Instructions
Requirements and Specifications
Source Code
import pandas as pd
import matplotlib.pyplot as plt
## Read Dataset and display first rows
data = pd.read_csv('video_games.csv')
data.head()
## Histogram Analysis
### For this analysis, we will show a histogram for the Review Score
data_publishers = data.groupby(['Metrics.Review Score']).size().reset_index().rename(columns={0: 'count'})
# Now plot
x = data_publishers['Metrics.Review Score']
y = data_publishers['count']
plt.figure()
plt.hist(x, weights = y, bins=30)
plt.xlabel('Review Score (%)')
plt.xticks(rotation=45)
plt.ylabel('Count')
plt.title('Number of games and their Review Scores')
plt.show()
From the above graph, we can see the distribution of scores for all the games in the dataset. We can see that the mean score is between 70% and 80%
## Secondary Analysis
### For this analysis, we will display a bar plot of Review Score for each Different Genre
data_genres = data.groupby(['Metadata.Genres']).mean().reset_index().rename(columns={0: 'count'})
# Now plot
x = data_genres['Metadata.Genres']
y = data_genres['Metrics.Review Score']
plt.figure(figsize=(25,10))
plt.bar(x, y, align='center')
plt.xlabel('Genre')
plt.xticks(x, rotation=90)
plt.ylabel('Review Score (%)')
plt.title('Genres and their Reivew Scores')
plt.show()
From the above graph, we can see that the Videogame Genre with the highest Review Score is **Adventure.Educational.Strategy**
## Stakeholders
In this project we have been working with a dataset related to video games. The dataset contains information on video games released for the different consoles and the studios that developed them, as well as information on sales numbers, scores, etc.
One of the stakeholders interested in these analyzes is a game design company, which can focus on the analysis of the number of units sold for each genre, in order to choose the type of game that is going to be designed since this genre can guarantee success.

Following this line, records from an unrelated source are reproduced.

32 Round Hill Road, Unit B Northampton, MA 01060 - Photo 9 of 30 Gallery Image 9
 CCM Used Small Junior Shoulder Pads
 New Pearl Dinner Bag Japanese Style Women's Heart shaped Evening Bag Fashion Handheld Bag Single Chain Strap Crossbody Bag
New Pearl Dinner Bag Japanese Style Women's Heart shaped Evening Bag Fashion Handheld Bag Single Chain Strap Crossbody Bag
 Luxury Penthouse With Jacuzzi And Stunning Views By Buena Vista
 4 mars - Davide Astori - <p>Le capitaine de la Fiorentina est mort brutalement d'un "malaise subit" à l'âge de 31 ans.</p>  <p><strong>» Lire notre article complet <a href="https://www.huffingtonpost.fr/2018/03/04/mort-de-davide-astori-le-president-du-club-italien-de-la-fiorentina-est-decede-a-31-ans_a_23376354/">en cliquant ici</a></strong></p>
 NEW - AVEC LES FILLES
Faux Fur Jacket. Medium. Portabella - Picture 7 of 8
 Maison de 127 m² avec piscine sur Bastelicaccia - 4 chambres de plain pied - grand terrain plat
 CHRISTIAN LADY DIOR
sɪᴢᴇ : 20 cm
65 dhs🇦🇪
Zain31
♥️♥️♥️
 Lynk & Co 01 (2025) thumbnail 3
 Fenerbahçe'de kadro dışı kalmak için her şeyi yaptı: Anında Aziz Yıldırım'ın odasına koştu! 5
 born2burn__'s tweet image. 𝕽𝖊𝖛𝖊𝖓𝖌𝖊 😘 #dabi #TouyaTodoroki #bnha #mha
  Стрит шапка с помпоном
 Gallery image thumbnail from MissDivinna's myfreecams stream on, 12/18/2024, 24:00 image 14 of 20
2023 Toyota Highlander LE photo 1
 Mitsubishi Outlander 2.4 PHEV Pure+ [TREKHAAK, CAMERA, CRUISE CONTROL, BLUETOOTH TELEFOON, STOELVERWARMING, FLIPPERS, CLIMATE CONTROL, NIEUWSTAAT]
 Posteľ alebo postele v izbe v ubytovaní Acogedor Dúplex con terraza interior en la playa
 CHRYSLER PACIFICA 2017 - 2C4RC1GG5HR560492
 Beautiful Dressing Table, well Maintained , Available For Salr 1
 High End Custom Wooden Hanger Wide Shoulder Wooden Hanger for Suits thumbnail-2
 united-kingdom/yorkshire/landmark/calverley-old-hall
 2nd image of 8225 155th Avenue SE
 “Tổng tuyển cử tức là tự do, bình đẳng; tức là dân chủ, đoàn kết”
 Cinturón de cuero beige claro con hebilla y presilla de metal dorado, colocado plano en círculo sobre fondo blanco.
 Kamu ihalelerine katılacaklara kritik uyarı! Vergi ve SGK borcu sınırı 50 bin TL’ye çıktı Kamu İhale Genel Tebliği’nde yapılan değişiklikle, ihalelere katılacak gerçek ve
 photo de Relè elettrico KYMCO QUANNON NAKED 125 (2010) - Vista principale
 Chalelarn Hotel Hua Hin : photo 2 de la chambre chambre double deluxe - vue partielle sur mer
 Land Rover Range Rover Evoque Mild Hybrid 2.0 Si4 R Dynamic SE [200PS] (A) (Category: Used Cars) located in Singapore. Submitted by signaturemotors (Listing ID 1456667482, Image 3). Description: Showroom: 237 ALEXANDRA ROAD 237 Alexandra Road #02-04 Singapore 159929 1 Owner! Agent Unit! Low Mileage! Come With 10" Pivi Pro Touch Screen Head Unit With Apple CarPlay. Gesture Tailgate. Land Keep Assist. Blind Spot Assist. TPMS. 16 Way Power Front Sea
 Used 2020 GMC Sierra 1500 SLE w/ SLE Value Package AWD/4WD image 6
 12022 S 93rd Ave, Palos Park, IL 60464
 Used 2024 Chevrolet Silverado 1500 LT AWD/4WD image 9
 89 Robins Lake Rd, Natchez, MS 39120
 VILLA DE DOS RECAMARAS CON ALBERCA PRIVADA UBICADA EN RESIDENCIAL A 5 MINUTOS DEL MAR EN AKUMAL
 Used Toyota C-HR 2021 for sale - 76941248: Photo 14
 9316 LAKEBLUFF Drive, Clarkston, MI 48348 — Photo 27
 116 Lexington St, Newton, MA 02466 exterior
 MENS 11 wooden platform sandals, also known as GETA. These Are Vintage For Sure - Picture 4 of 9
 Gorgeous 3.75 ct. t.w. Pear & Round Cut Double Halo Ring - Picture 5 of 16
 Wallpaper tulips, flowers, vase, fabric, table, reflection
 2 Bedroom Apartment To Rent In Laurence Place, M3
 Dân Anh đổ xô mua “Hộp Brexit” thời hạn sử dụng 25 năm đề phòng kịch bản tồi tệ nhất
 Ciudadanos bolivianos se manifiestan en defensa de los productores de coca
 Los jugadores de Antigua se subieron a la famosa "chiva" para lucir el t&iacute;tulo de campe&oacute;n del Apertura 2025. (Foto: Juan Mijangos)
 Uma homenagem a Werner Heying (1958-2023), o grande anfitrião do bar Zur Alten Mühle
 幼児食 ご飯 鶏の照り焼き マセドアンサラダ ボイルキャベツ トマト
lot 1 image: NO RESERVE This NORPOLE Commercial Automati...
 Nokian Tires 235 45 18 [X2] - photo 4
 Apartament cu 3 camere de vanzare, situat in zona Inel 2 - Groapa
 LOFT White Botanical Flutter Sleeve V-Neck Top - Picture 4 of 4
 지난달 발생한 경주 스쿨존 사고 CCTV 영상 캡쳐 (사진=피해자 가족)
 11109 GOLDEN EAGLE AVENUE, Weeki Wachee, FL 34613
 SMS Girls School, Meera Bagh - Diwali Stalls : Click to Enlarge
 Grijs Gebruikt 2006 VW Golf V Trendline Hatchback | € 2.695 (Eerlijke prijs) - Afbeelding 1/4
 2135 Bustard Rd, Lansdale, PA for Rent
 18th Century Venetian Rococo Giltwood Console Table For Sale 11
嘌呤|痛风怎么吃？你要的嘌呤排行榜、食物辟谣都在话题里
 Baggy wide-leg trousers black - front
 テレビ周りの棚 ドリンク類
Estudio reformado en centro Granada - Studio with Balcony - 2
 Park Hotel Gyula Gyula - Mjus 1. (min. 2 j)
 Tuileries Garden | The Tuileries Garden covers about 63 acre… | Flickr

Another Stakeholder interested in the data analysis carried out in this project may be an analyst interested in estimating the number of units sold for a video game based on its Review Score. This analyst could be a person who works in data science interested in designing a regression model to estimate/predict the number of sales that a video game will have based on the score obtained on the day of its release.